A Very Public Failure for My Daughter

Yesterday, Barnes and Noble slates my daughter to perform a piano piece as part of a fundraiser for the Music Academy.  Neighbors come, cameras focus, and parents beam.

But when it is her turn to perform, my daughter bursts into tears and freezes.  She cannot even approach the piano.

Instead of forcing her onto the piano bench, we gather up her blue puffy coat and the sheet music in her red tote bag and travel home as fast as we can.  

She slumps into the house and says over and over again, “I couldn’t do it!”  She cries and falls onto the couch.  She writes apology notes to the neighbors and her piano teacher. 

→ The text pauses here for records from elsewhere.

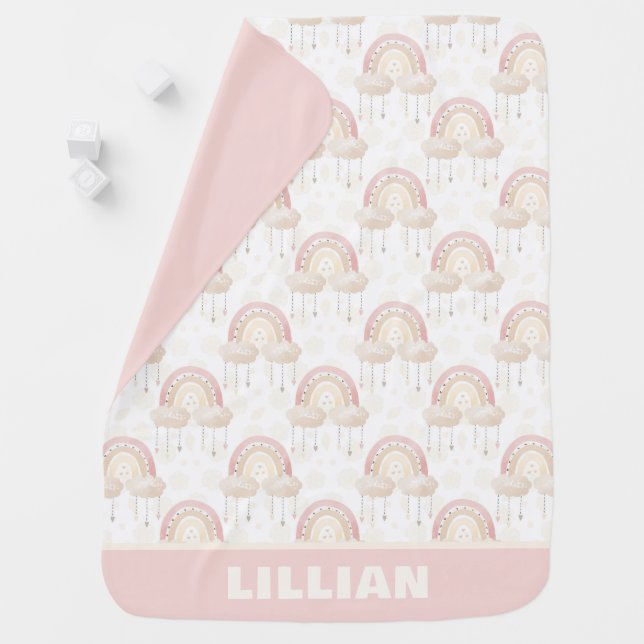 Cute Boho Rainbow Star Pattern Monogram Baby Blanket (In Situ)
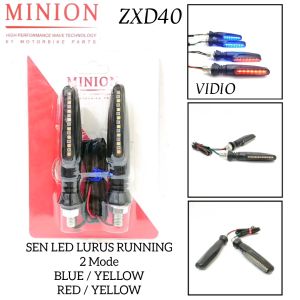 Lampu Sein Motor LED DRL & Running 2 Warna Senja Biru Model Panah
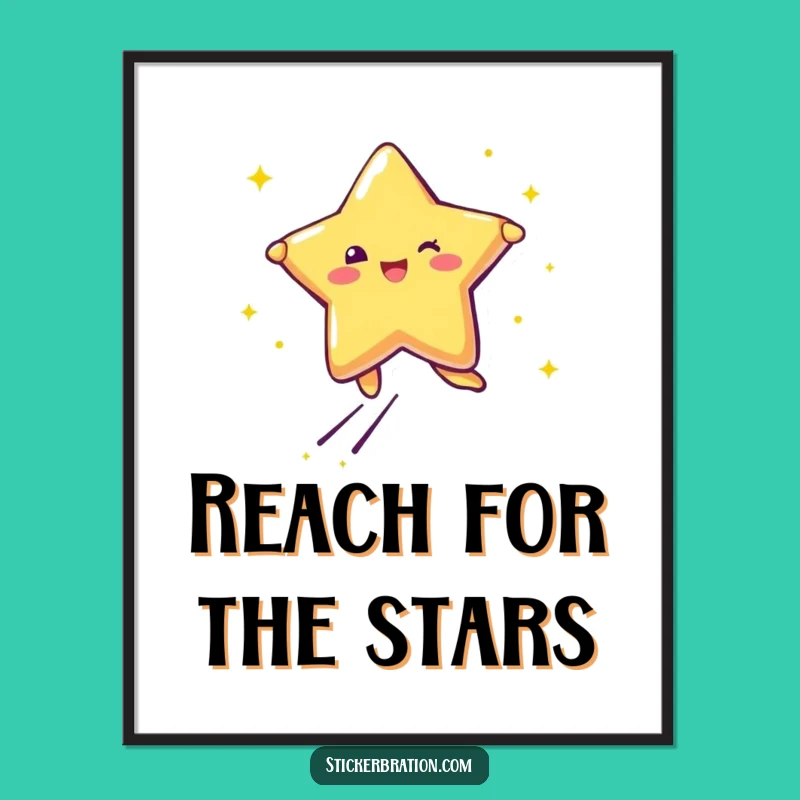 Funny Star Joy Poster: Glittery Wall Art for Uplifting Decor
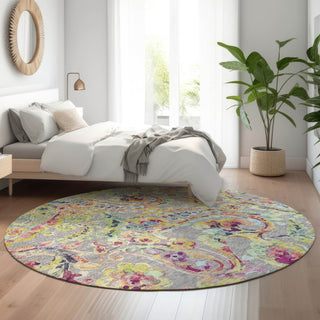 Piper Looms Mayfield Paisley AMF834 Gray Machine Washable Area Rug Round Lifestyle Image Feature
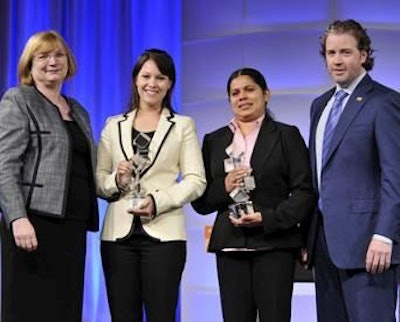 Amanda Pesqueria and Nimesha Fernando, middle, won the Alltech Young Scientists Award.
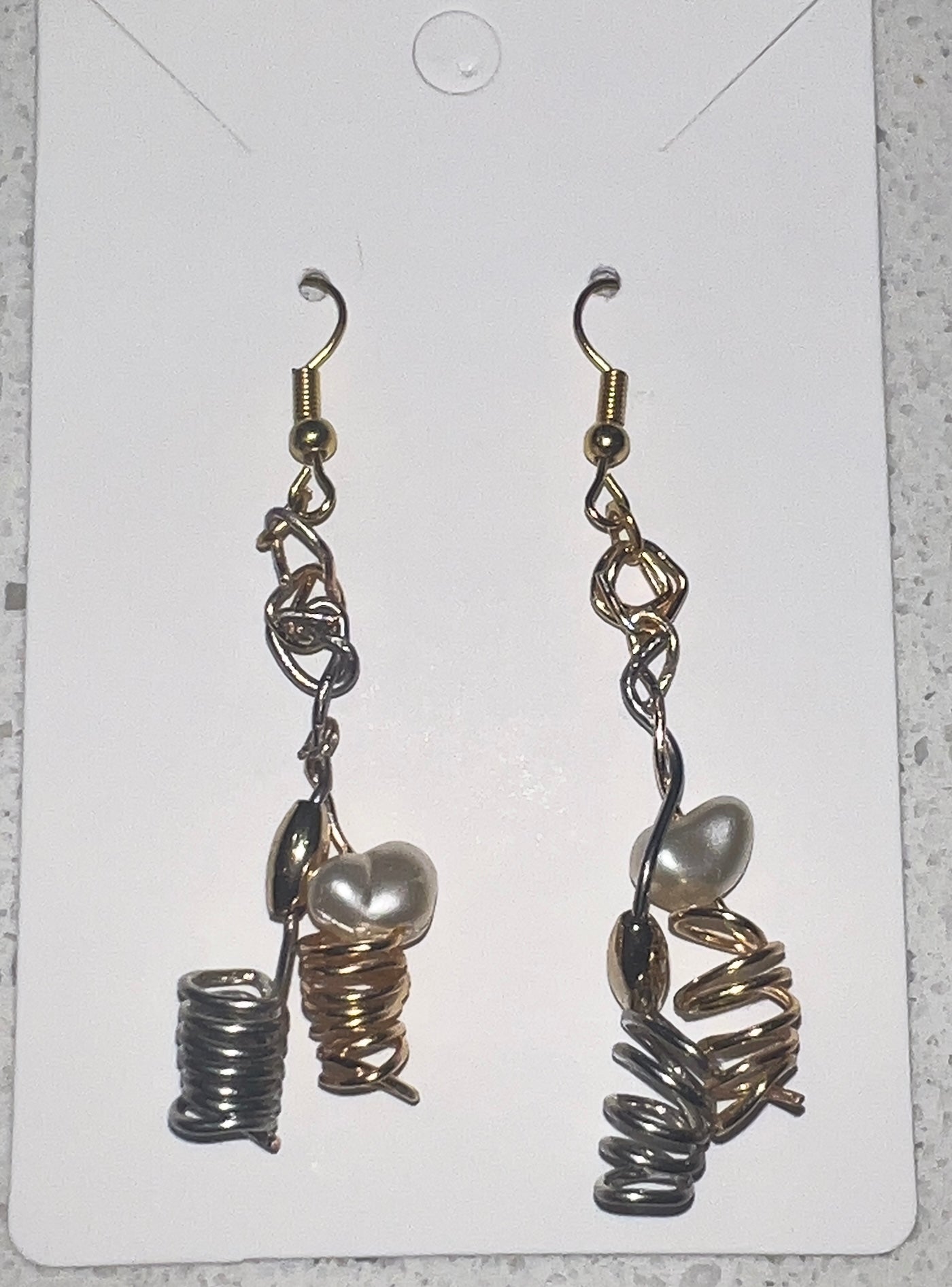 Gold& Silver Cyclonic Drop Earrings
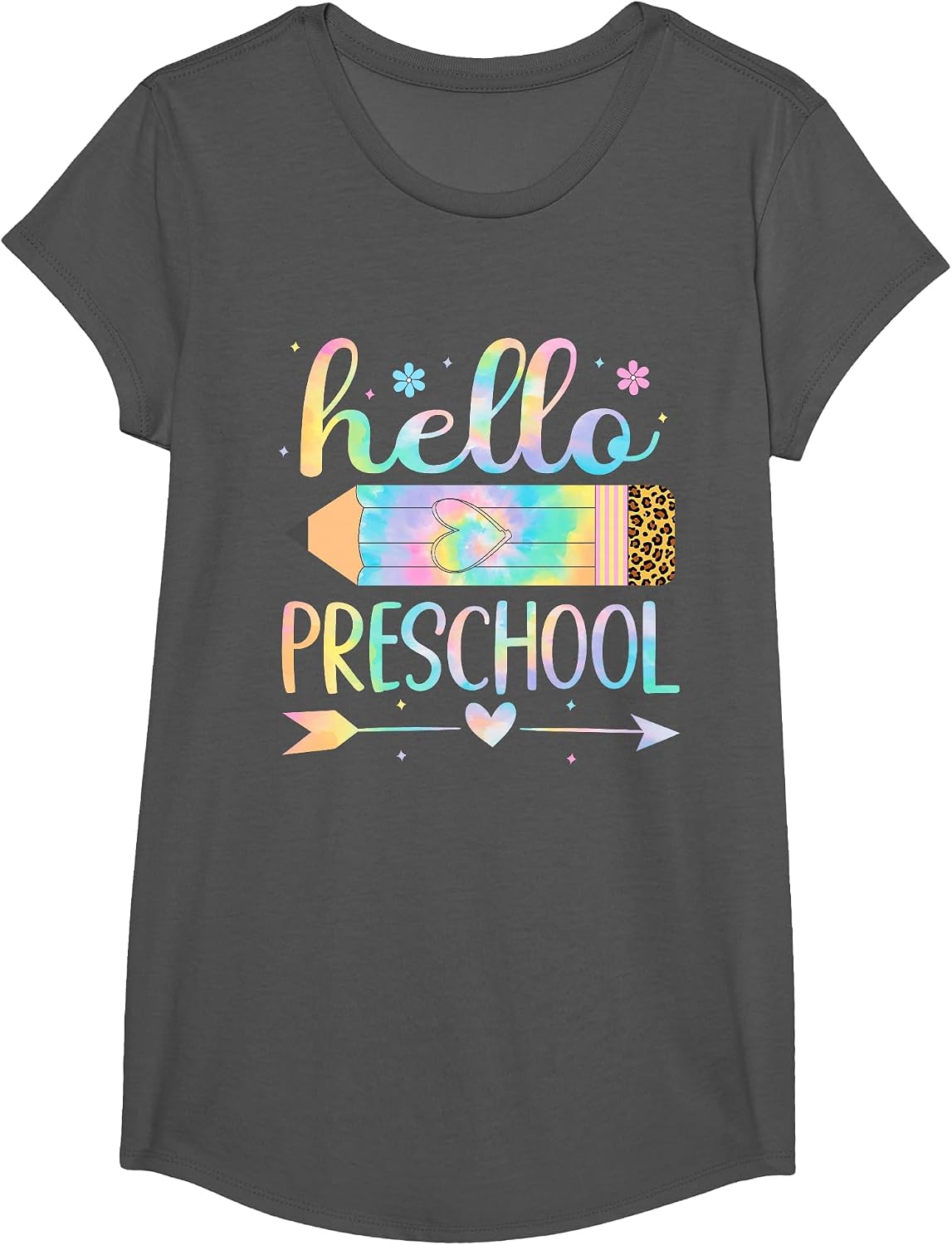 Hello Preschool Pencil Tie Dye First Day of School Kids T-Shirt - Girls Asphalt Grey
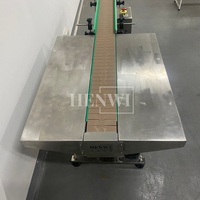 Henwi 2 mètres bande transporteuse Table de collecte plate-forme d'opération pour emballer shampooing bouteille crème pot détergent Jerrycan bouteilles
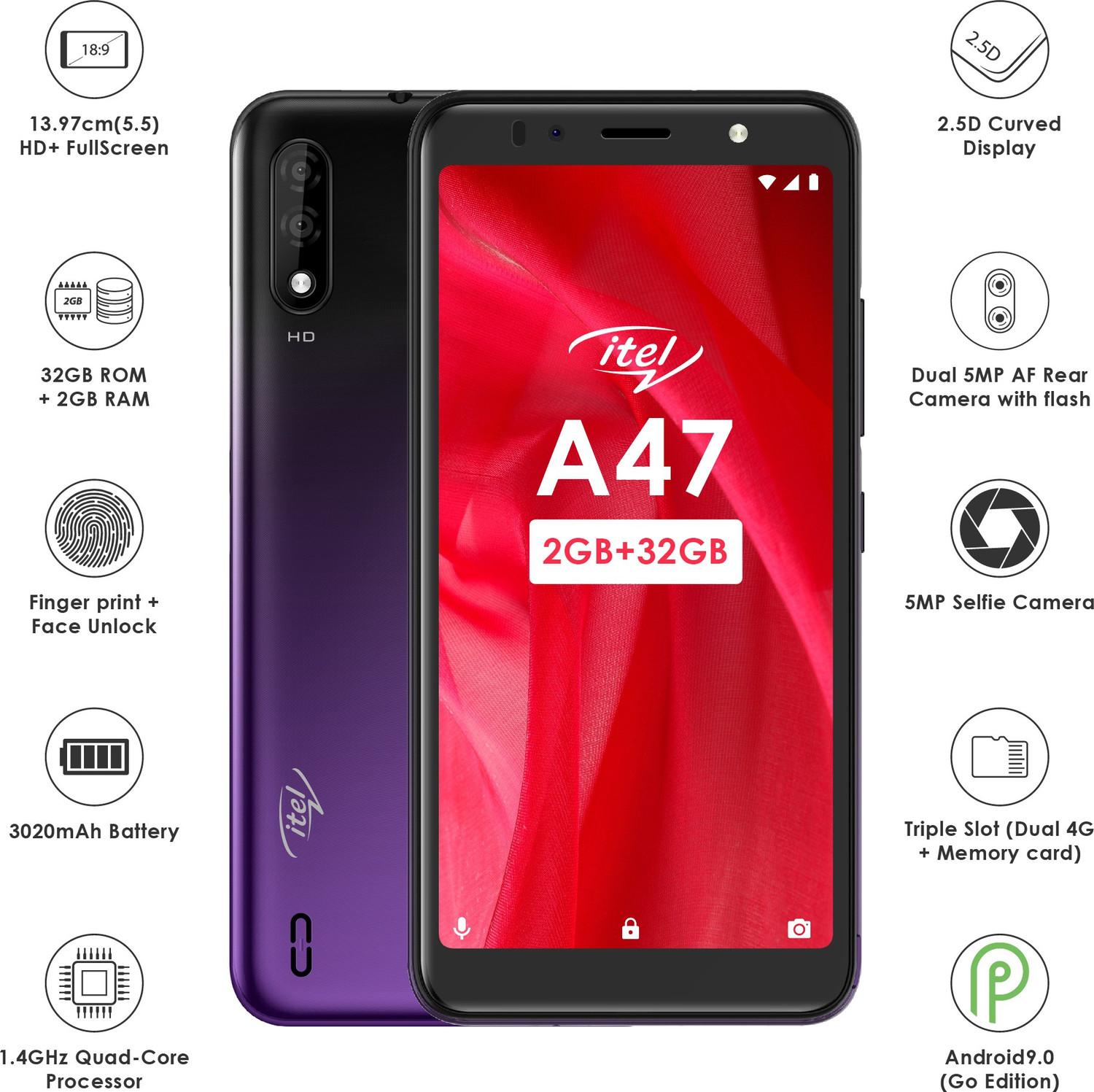Image of itel A47 (Cosmic Purple, 32 GB)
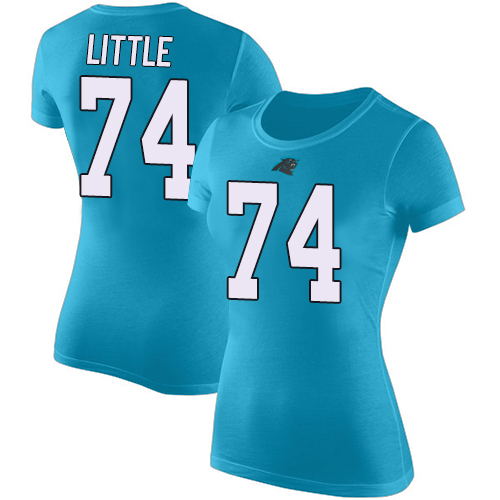 Carolina Panthers Blue Women Greg Little Rush Pride Name and Number NFL Football #74 T Shirt->carolina panthers->NFL Jersey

And then something beautiful happens.  The neighbors send messages that they went to the event to support her, and it didn’t matter whether she performed or not.  She could turn away from a thousand stages, and they’d still come every time.  My daughter, not her performance, mattered. 

Her piano teacher calls to tell her that learning the piano isn’t about performance.  She tells my daughter that she can choose when, if, and why she wants to perform at all.  Learning the piano has intrinsic value as an end in itself.  The goal was never public applause, flashing camera bulbs, and bragging parents.

Nobody is disappointed. 

My daughter nods with understanding.  She wipes her face and remembers that she loves to make music.   And I remember the gospel truth with every comforting phone call:  it was never about performance.  God’s love and favor are never dependent on my good performances.  The sooner children learn this, the more they might relax into the freedom that comes with being unconditionally loved, accepted, and valued.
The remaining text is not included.